Moreover, for $i\ne j$,
\begin{align*}
\|\Sigma_i-\Sigma_j\|_{\mathrm{op}}
=
\lambda\|P_{u_i}-P_{u_j}\|_{\mathrm{op}}
\ge
\frac{\sqrt 3}{2}\lambda.
\end{align*}
[guided]
The point of using rank-one perturbations is that they create many covariances while keeping the information distance small. We start from the scalar matrix $aI_p$, which lies in the middle of the spectral interval $[m,M]$, and add a small positive perturbation in one direction.
Define
\begin{align*}
a:=\frac{m+M}{2},
\qquad
r:=\frac{M-m}{4}.
\end{align*}
The number $r$ is a spectral safety margin: if $0<\lambda\le r$, then $a+\lambda$ is still strictly below $M$, while $a$ is strictly above $m$.

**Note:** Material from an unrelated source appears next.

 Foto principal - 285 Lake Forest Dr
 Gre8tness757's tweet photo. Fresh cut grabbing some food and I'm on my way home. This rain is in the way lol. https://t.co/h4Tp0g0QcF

For a unit vector $u\in\mathbb R^p$, define the map $P_u:\mathbb R^p\to\mathbb R^p$ by
\begin{align*}
P_u(x):=(x\cdot u)u \quad \text{for every } x\in\mathbb R^p.
\end{align*}
This is the orthogonal projection onto the line $\operatorname{span}\{u\}$. Its matrix is $uu^\top$, and its only eigenvalues are $1$ on $\operatorname{span}\{u\}$ and $0$ on $\operatorname{span}\{u\}^{\perp}$.

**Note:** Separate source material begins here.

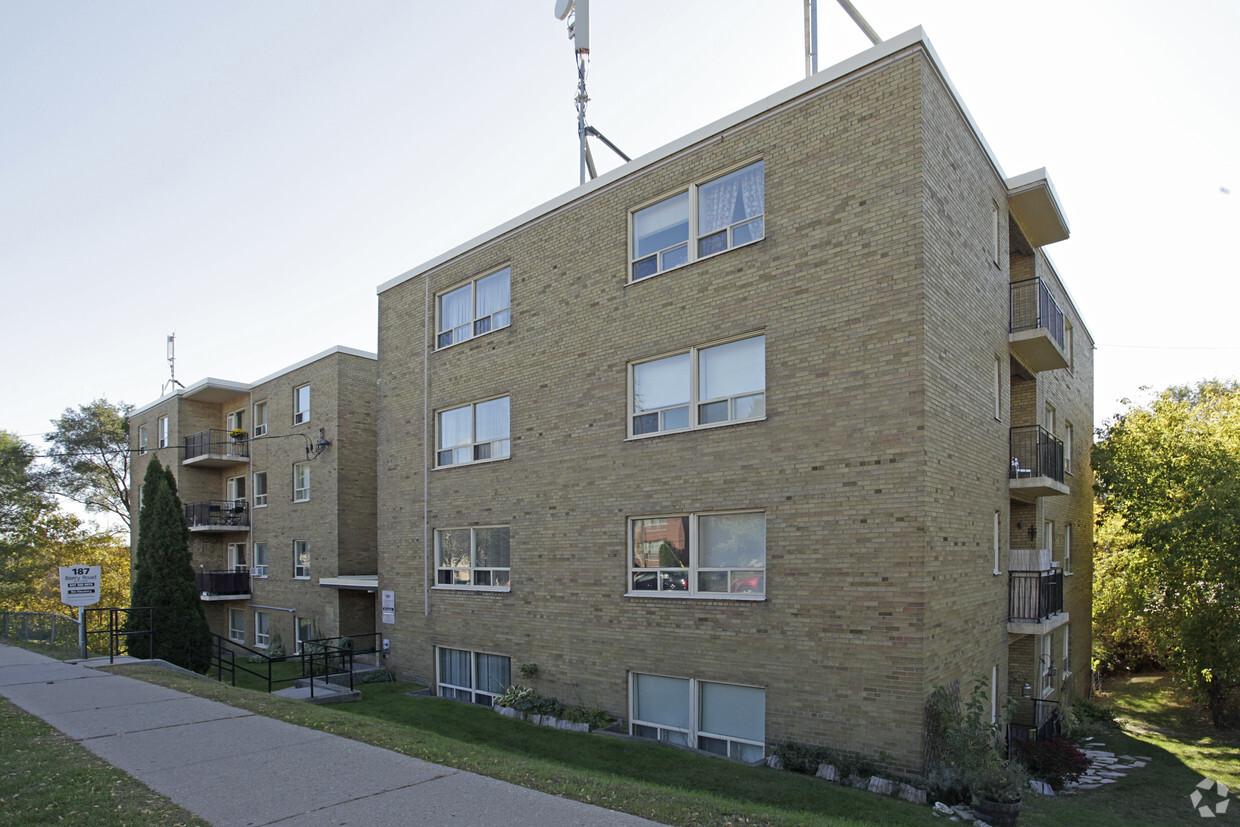 Primary Photo - 187 Berry Rd
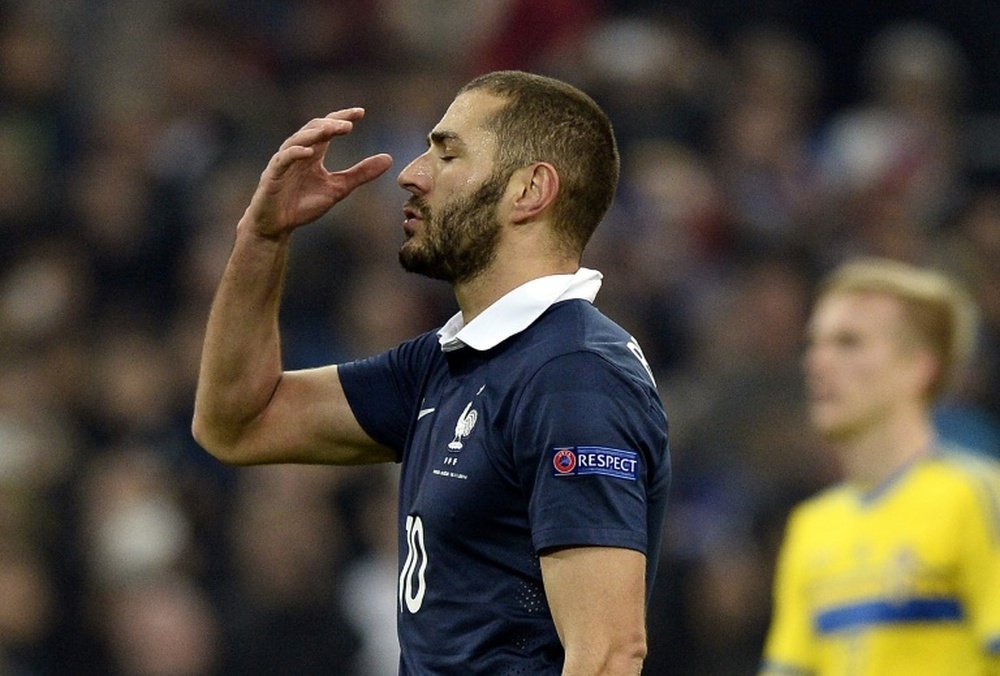 Benzema, alors en équipe de France, réagit après avoir raté un penalty face à la Suède. AFP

Choose unit vectors $u_1,\dots,u_N\in\mathbb R^p$ with
\begin{align*}
N\ge \exp(\beta p),
\qquad
|u_i\cdot u_j|\le \frac12
\quad\text{for }i\ne j,
\end{align*}
where $\beta>0$ is a universal constant. This is the standard volumetric packing construction on the Euclidean unit sphere.
For each $j$, define
\begin{align*}
\Sigma_j:=aI_p+\lambda P_{u_j}.
\end{align*}
Since $P_{u_j}$ has eigenvalue $1$ in the direction $u_j$ and eigenvalue $0$ on $u_j^\perp$, the covariance matrix $\Sigma_j$ has eigenvalue $a+\lambda$ in the direction $u_j$ and eigenvalue $a$ on $u_j^\perp$. Therefore, if $\lambda\le r$,
\begin{align*}
m
<
a-r
\le
a
\le
a+\lambda
\le
a+r
<
M.
\end{align*}
So every $\Sigma_j$ belongs to $\mathcal C_p(m,M)$.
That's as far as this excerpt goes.